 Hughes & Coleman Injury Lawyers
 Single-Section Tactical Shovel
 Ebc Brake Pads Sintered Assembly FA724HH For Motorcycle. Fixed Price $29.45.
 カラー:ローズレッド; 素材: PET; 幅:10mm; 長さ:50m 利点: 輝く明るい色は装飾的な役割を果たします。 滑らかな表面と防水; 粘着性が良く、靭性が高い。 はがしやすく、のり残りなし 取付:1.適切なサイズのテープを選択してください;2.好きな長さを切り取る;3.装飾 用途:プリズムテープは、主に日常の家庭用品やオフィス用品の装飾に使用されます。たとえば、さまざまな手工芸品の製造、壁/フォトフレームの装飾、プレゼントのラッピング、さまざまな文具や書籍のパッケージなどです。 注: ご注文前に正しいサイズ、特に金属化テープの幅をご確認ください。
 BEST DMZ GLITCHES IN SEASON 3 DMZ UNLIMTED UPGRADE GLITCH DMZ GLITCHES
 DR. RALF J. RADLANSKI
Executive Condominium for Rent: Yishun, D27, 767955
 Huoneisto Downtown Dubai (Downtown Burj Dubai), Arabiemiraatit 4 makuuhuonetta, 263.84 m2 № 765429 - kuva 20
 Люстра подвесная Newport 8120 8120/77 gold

## [What is needed]
Tail of the listing, starting at the line with "DR. RALF J. RADLANSKI" and ending at the last line: output it exactly and add nothing.

## [Task result]
 DR. RALF J. RADLANSKI
Executive Condominium for Rent: Yishun, D27, 767955
 Huoneisto Downtown Dubai (Downtown Burj Dubai), Arabiemiraatit 4 makuuhuonetta, 263.84 m2 № 765429 - kuva 20
 Люстра подвесная Newport 8120 8120/77 gold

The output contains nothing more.